Data for analysis —
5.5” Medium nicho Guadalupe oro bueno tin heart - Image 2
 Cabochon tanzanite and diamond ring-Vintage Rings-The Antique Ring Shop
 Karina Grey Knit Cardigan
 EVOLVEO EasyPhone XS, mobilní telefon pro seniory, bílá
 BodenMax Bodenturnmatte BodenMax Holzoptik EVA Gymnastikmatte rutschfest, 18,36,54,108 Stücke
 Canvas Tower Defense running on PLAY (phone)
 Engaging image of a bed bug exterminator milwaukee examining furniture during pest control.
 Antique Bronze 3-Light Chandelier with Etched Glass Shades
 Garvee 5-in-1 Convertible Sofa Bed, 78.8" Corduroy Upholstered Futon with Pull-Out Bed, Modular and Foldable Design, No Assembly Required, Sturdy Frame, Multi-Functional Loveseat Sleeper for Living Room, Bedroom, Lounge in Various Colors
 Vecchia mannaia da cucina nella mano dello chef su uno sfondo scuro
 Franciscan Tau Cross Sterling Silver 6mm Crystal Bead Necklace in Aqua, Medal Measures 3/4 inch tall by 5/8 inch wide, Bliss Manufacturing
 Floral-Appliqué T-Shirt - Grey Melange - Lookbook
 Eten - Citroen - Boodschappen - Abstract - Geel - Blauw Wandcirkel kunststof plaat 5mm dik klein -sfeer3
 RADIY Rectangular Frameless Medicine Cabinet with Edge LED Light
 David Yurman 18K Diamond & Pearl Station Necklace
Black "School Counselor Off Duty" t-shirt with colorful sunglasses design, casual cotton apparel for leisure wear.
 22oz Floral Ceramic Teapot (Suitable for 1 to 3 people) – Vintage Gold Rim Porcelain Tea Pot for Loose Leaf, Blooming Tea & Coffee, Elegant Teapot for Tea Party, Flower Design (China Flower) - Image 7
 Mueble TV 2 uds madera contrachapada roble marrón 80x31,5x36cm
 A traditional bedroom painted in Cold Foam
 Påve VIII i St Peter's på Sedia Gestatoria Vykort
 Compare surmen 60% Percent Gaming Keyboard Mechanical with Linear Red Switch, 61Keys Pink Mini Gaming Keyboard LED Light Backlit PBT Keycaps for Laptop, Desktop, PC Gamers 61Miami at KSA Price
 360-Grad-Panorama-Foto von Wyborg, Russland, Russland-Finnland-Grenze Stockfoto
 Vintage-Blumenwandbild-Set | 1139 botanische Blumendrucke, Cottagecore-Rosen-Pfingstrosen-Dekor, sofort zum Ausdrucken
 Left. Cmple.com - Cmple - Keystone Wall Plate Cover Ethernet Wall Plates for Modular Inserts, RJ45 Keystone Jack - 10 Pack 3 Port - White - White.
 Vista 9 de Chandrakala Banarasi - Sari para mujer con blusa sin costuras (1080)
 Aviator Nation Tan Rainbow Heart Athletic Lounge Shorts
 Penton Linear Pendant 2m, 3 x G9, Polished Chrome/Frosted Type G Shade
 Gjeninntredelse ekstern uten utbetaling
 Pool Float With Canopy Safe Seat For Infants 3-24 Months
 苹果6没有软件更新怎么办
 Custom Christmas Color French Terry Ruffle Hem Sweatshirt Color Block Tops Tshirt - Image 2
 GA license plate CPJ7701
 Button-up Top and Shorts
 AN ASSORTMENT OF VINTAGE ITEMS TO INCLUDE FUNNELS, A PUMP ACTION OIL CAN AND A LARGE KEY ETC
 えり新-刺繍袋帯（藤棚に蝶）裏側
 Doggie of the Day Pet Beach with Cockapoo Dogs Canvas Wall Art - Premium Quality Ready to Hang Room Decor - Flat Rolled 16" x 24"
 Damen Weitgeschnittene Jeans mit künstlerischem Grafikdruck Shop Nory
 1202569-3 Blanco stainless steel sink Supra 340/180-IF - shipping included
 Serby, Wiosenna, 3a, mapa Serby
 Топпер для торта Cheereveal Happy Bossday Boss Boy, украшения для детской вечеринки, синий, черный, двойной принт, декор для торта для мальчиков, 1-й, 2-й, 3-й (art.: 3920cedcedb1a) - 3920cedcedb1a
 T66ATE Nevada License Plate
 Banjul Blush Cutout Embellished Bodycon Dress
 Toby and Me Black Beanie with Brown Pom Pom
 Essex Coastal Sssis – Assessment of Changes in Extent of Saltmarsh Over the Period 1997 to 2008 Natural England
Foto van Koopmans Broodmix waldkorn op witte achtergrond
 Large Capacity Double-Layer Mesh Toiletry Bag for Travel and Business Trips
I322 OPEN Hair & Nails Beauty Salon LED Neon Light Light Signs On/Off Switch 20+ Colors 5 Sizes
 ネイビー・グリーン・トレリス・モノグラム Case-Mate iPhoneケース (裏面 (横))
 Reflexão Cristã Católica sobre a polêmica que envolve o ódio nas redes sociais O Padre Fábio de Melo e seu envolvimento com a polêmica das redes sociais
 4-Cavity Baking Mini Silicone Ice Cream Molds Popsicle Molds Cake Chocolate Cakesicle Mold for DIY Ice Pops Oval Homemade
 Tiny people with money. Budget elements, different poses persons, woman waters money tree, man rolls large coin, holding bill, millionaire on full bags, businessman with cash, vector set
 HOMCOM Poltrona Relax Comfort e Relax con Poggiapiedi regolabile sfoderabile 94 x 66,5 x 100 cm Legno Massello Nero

What the exercise asks — Identify the lines in the entries above that contain "Light", then copy them out.

Your solution —
 Antique Bronze 3-Light Chandelier with Etched Glass Shades
 RADIY Rectangular Frameless Medicine Cabinet with Edge LED Light
 Compare surmen 60% Percent Gaming Keyboard Mechanical with Linear Red Switch, 61Keys Pink Mini Gaming Keyboard LED Light Backlit PBT Keycaps for Laptop, Desktop, PC Gamers 61Miami at KSA Price
I322 OPEN Hair & Nails Beauty Salon LED Neon Light Light Signs On/Off Switch 20+ Colors 5 Sizes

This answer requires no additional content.